AIM OF THE TASK
Find every line in the entries that holds the string "oacute" and report it.

DATA SHOWN
********************

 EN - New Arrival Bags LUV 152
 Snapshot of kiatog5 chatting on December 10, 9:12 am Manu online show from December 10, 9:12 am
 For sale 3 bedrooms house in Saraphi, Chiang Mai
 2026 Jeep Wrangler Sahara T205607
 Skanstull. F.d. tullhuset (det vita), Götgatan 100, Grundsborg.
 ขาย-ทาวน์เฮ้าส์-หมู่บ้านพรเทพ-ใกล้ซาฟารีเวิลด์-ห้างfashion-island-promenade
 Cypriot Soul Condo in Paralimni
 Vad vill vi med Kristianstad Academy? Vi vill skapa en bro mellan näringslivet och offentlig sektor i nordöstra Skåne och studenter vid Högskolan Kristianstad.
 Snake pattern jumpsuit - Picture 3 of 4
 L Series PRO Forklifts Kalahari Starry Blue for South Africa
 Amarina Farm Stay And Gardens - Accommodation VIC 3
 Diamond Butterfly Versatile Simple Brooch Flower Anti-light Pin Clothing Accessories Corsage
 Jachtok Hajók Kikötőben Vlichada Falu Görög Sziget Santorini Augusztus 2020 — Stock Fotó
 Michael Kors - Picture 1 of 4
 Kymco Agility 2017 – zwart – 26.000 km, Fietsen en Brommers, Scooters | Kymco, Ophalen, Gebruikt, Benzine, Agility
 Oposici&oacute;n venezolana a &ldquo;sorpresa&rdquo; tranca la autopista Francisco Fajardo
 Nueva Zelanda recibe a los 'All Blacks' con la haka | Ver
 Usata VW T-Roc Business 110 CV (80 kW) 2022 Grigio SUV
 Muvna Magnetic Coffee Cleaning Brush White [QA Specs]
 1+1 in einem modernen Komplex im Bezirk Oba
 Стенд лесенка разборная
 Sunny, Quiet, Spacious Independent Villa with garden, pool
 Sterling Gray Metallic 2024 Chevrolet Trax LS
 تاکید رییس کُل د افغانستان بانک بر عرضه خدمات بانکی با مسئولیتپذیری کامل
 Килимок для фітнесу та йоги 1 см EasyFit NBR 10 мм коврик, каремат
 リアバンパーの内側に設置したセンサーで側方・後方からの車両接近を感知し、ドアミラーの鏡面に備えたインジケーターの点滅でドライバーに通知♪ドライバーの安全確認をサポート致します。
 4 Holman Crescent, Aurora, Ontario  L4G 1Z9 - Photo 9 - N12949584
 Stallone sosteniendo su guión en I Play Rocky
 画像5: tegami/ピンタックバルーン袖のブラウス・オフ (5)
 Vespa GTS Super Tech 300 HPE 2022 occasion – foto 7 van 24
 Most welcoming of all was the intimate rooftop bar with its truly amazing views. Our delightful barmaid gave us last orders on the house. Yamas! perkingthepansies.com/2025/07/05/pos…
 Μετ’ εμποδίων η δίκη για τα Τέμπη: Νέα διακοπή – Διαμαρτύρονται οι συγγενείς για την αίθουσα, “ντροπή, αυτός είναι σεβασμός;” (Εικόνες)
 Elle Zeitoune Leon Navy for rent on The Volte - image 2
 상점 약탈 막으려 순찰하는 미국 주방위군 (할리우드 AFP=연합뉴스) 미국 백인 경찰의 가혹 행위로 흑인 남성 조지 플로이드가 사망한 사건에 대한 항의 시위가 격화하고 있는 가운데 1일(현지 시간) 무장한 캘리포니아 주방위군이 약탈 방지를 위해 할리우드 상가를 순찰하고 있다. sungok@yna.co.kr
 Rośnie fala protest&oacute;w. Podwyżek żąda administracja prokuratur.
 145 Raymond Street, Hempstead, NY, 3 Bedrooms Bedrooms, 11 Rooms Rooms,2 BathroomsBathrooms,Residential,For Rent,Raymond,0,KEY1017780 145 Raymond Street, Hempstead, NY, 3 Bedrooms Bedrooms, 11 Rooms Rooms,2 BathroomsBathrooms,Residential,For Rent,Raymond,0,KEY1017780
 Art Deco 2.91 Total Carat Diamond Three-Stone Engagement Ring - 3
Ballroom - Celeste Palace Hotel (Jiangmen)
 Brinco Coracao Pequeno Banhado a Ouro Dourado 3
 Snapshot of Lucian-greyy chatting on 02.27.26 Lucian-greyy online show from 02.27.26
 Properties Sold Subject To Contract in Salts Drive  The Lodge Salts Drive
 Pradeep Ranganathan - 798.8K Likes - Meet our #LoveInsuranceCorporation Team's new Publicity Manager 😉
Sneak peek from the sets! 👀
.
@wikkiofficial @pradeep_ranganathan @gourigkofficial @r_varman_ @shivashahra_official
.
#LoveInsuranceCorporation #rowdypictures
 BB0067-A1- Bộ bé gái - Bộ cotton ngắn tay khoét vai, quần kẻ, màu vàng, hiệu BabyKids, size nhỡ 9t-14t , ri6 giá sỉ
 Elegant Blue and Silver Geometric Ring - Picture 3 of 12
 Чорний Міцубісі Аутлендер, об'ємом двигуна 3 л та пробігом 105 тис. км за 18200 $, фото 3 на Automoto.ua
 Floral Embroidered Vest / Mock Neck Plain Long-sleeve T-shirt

********************

TASK SOLUTION
 Oposici&oacute;n venezolana a &ldquo;sorpresa&rdquo; tranca la autopista Francisco Fajardo
 Rośnie fala protest&oacute;w. Podwyżek żąda administracja prokuratur.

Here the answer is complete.